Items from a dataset
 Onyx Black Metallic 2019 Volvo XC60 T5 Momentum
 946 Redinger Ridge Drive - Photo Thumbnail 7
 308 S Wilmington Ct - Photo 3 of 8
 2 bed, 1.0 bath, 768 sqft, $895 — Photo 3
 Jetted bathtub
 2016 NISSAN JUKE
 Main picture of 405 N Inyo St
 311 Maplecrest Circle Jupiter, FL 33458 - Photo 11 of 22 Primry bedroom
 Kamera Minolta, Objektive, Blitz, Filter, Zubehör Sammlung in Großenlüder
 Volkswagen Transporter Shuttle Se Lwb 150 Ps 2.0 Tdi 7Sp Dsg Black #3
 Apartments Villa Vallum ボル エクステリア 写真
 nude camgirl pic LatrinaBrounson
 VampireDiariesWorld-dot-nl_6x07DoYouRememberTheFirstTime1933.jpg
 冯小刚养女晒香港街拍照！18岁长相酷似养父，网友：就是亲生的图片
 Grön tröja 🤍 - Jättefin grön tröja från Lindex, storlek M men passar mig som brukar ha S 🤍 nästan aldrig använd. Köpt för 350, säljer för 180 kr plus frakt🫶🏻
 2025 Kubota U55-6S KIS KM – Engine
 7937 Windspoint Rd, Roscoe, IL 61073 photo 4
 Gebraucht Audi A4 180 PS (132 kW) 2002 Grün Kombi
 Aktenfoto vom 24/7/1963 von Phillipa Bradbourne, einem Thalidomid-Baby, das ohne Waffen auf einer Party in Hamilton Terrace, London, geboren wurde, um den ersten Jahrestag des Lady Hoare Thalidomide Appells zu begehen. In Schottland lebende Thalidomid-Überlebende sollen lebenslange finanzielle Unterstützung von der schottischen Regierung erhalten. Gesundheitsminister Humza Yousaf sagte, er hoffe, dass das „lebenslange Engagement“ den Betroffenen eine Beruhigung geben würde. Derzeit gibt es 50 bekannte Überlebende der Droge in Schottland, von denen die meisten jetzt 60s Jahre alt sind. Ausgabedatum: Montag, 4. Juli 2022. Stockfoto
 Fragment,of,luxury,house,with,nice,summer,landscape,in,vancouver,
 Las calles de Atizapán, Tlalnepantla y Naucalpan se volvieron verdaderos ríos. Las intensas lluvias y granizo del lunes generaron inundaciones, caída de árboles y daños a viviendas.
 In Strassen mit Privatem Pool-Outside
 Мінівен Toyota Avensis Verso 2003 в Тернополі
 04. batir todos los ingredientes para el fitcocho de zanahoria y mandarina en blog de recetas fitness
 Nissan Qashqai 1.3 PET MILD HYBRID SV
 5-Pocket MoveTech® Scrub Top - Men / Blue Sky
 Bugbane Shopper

• What to produce: Which lines above include the word "Black"? Pick them out and copy them.

• Final answer:
 Onyx Black Metallic 2019 Volvo XC60 T5 Momentum
 Volkswagen Transporter Shuttle Se Lwb 150 Ps 2.0 Tdi 7Sp Dsg Black #3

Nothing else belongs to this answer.